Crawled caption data

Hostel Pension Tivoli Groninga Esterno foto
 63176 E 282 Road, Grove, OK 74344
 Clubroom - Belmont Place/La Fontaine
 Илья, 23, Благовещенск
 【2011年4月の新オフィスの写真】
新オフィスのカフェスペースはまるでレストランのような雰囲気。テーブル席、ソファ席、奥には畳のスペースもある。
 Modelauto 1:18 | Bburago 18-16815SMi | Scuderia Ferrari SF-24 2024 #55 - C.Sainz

### EXERCISE DIRECTIONS:
Copy every entry exactly; no part may be left out.

### EXERCISE RESPONSE:
Hostel Pension Tivoli Groninga Esterno foto
 63176 E 282 Road, Grove, OK 74344
 Clubroom - Belmont Place/La Fontaine
 Илья, 23, Благовещенск
 【2011年4月の新オフィスの写真】
新オフィスのカフェスペースはまるでレストランのような雰囲気。テーブル席、ソファ席、奥には畳のスペースもある。
 Modelauto 1:18 | Bburago 18-16815SMi | Scuderia Ferrari SF-24 2024 #55 - C.Sainz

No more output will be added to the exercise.